Pero no eran aquellos tiempos precisamente fáciles.  No sé lo que pasó, no lo tengo demasiado claro. Pero a partir de aquel día Luciana comenzó a alejarse bastante de mí. Tuve que seguirla a todas partes. Ella en verdad me importaba. Era dulce, tierna y cambiante. Tenía un aire a Marianne Faithfull que a mí me importaba. Sin embargo, comenzó a dudar mucho después de aquel beso entre los cuatro. Se retraía. No me contestaba las llamadas y viajaba mucho a Villa Gesell, una localidad balnearia de la costa donde su padre estaba levantando un pequeño hotel para el turismo.

Y yo no tenía ninguna intención de dejarla.

Marisa se burlaba de mí cuando me encontraba melancólico y solo en algún rincón. “¿Qué le ves a esa mina?”, me decía. “Yo soy mucho más linda que ella”. Y en cierto modo tenía razón. “Vos nunca serás mía, Marisa”, le contestaba con desgano. “Nadie es de nadie”, me replicaba lapidaria. Pero lo suyo era un eufemismo. En su interior dudaba de que semejante frase fuera cierta. Yo hubiera aceptado de buen grado que ella fuera mía y quitársela a Daniel.  Sin embargo Marisa tenía otras ideas al respecto. Le alcanzaba con el equívoco y con la ambivalencia.

Argentina era un volcán, pero un volcán que no explotaba. Todo estaba latente, al igual que la inconsciencia de las cosas. En el Di Tella actuaba Nacha Guevara y pronto se vendría el Cordobazo.

Daniel me trajo en aquel tiempo un manuscrito de casi doscientas hojas escritas en un libro contable. Lo había robado en el trabajo y le sirvió para volcarse a su primer intento literario. Era una especie de libro de actas, supongo, originalmente, pero no tenía renglones. Eso obligó a Daniel a un enorme esfuerzo caligráfico para poder seguir la escritura en línea recta.  Lo que me asombró en un principio era que tenía muy pocas correcciones. O mi amigo era un genio o aquello era un desastre.

“Es la historia de un hombre que se convierte en larva”. Me dijo con inusitada seriedad. “Vive en el suburbio, en Lanús, y todo en su vida es oculto o  larvado, por eso se convierte en larva”. Yo le contesté que aquello me traía cierta reminiscencia de La Metamorfosis y de Kafka pero el descartó esa relación por completo.  Cuando le pedí que me lo deje para poder leerlo contestó:

–No te lo puedo dejar porque todavía no lo he terminado.

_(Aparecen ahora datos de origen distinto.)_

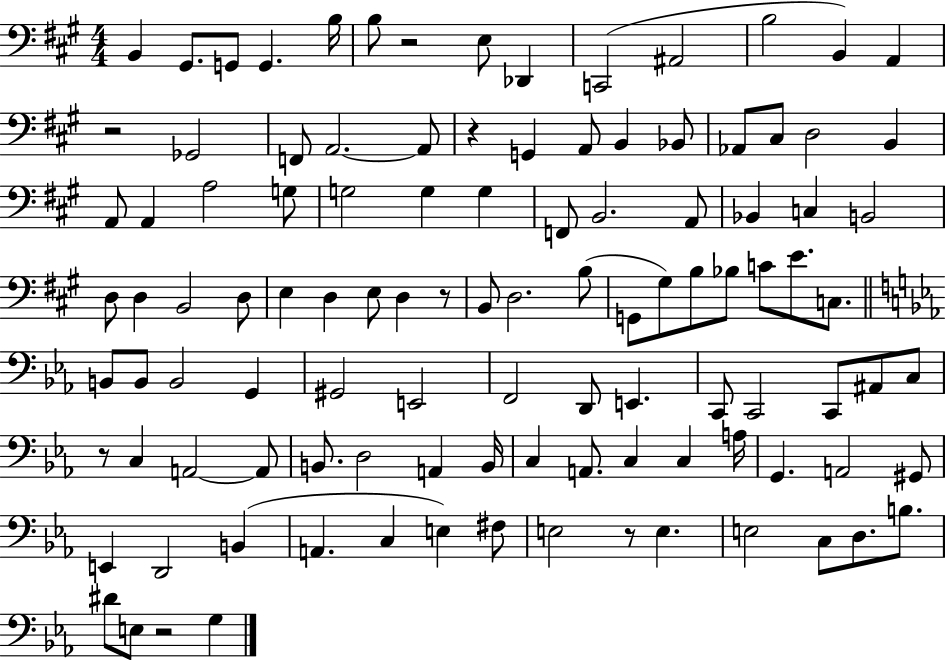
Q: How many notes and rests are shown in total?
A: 108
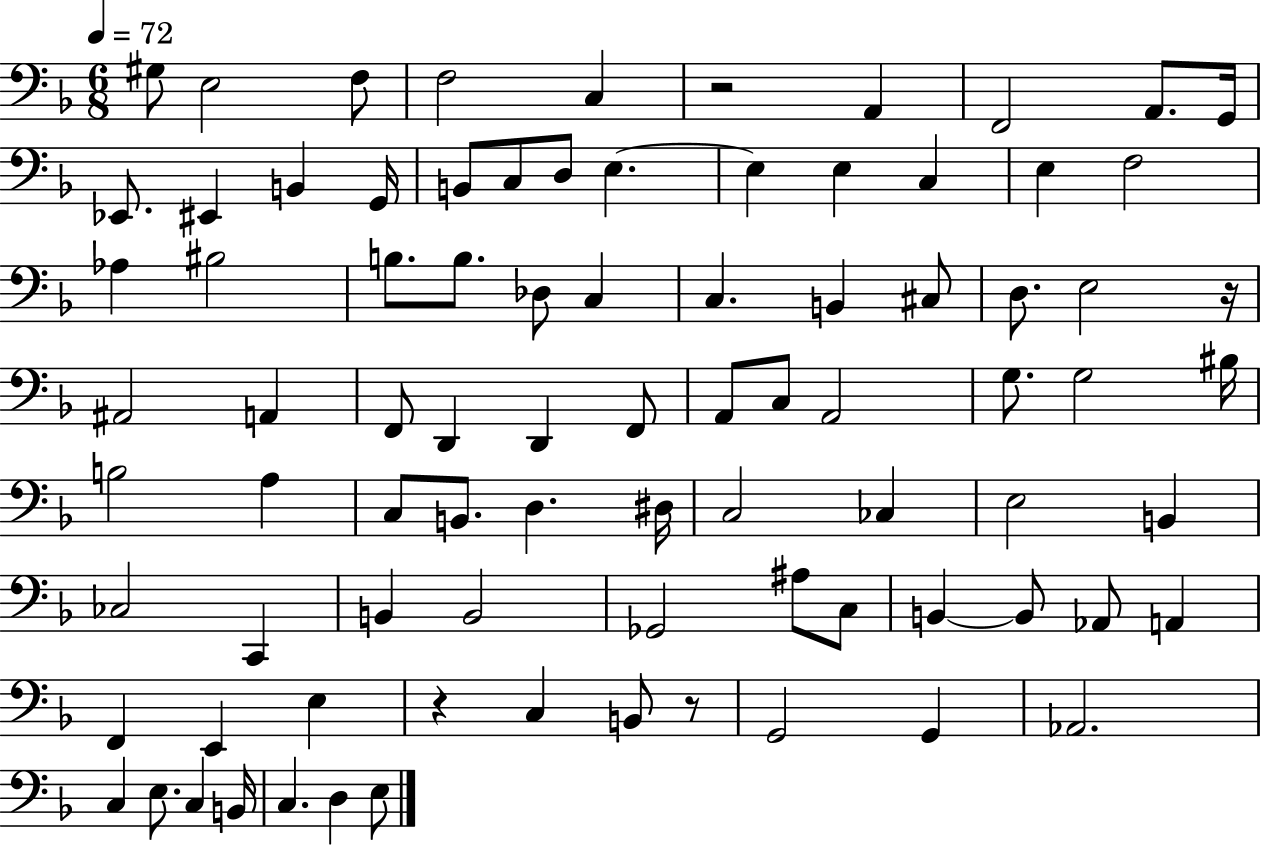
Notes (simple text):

G#3/e E3/h F3/e F3/h C3/q R/h A2/q F2/h A2/e. G2/s Eb2/e. EIS2/q B2/q G2/s B2/e C3/e D3/e E3/q. E3/q E3/q C3/q E3/q F3/h Ab3/q BIS3/h B3/e. B3/e. Db3/e C3/q C3/q. B2/q C#3/e D3/e. E3/h R/s A#2/h A2/q F2/e D2/q D2/q F2/e A2/e C3/e A2/h G3/e. G3/h BIS3/s B3/h A3/q C3/e B2/e. D3/q. D#3/s C3/h CES3/q E3/h B2/q CES3/h C2/q B2/q B2/h Gb2/h A#3/e C3/e B2/q B2/e Ab2/e A2/q F2/q E2/q E3/q R/q C3/q B2/e R/e G2/h G2/q Ab2/h. C3/q E3/e. C3/q B2/s C3/q. D3/q E3/e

Luciana, mientras tanto, estaba en Gesell, en el hotel de su padre. Yo finalmente logré hablar con ella y terminó por invitarme al hotel.  Era carnaval y la Villa estaba repleta. Ella me consiguió lugar en una especie de bohardilla que había en el cuarto piso, lo que resultaba para mí por completo inaceptable. El hotel tenía tres pisos, por escalera. Y la bohardilla del cuarto era casi inaccesible, no tenía puertas y se debía entrar por una escalera vertical de madera. Su techo era prácticamente  el armazón de las tejas  del edificio y constaba de una pequeña cama, un ropero y una mesa de luz. Supuse que se estaba vengando de mí, por alguna razón que desconocía,  pero luego me di cuenta que su verdadero objetivo era tenerme allí para practicar sexo todas las noches. Residencia gratis en Gesell a cambio de un poco de locura sexual nocturna y desenfrenada. El trato no era del todo malo así que enseguida se disipó mi enojo.

Una madrugada salimos juntos de La Mosca Verde, atravesamos el Pinar y terminamos en la playa.

La luna del Atlántico le bañaba la mirada.

–Vos estás muy comprometido con ellos dos. –me dijo mientras encendía el ultimo porro que me quedaba en el bolsillo. –Solamente ves las cosas a través de un prisma. Y el prisma tiene nombre. Marisa y Daniel.

Yo preferí no contestarle nada.

No entendía demasiado bien lo que me estaba queriendo decir. O acaso no me convenía entenderlo. Nos metimos dentro de una carpa y luego de cada pitada le quitaba una prenda de la ropa.  Cuando estuvo casi desnuda le dije: “Hoy no vas a gemir, hoy vas a gritar como una loca”.  Y así estuvimos aquella madrugada en la carpa del balneario. La acariciaba desnuda sobre la arena porque de ese modo me parecía más sensual. La arena en su piel trastocaba mis sentidos. Tenía el propósito machista de dejarla muerta. De que recordara en el futuro que nadie le había hecho el amor como yo en aquella  noche.  Un propósito un poco absurdo ya que las mujeres nunca sueltan prenda de estas cosas.

Luego escapamos a tiempo de allí, pocos minutos antes de que pasara el guardián del lugar con una linterna en la mano.

En Buenos Aires, mientras tanto, lloviznaba.

Eso me dijo Daniel por teléfono cuando por fin logré comunicarme.  Aguardé más de una hora para hacerlo mientras esperaba en la larga fila de la cooperativa telefónica.

Después todo terminó. 

Marisa fue ingresada en una clínica para desintoxicarse y Luciana enviada por sus padres a Italia. Daniel cayó preso por vender droga y yo me quedé solo en la ciudad de Buenos Aires.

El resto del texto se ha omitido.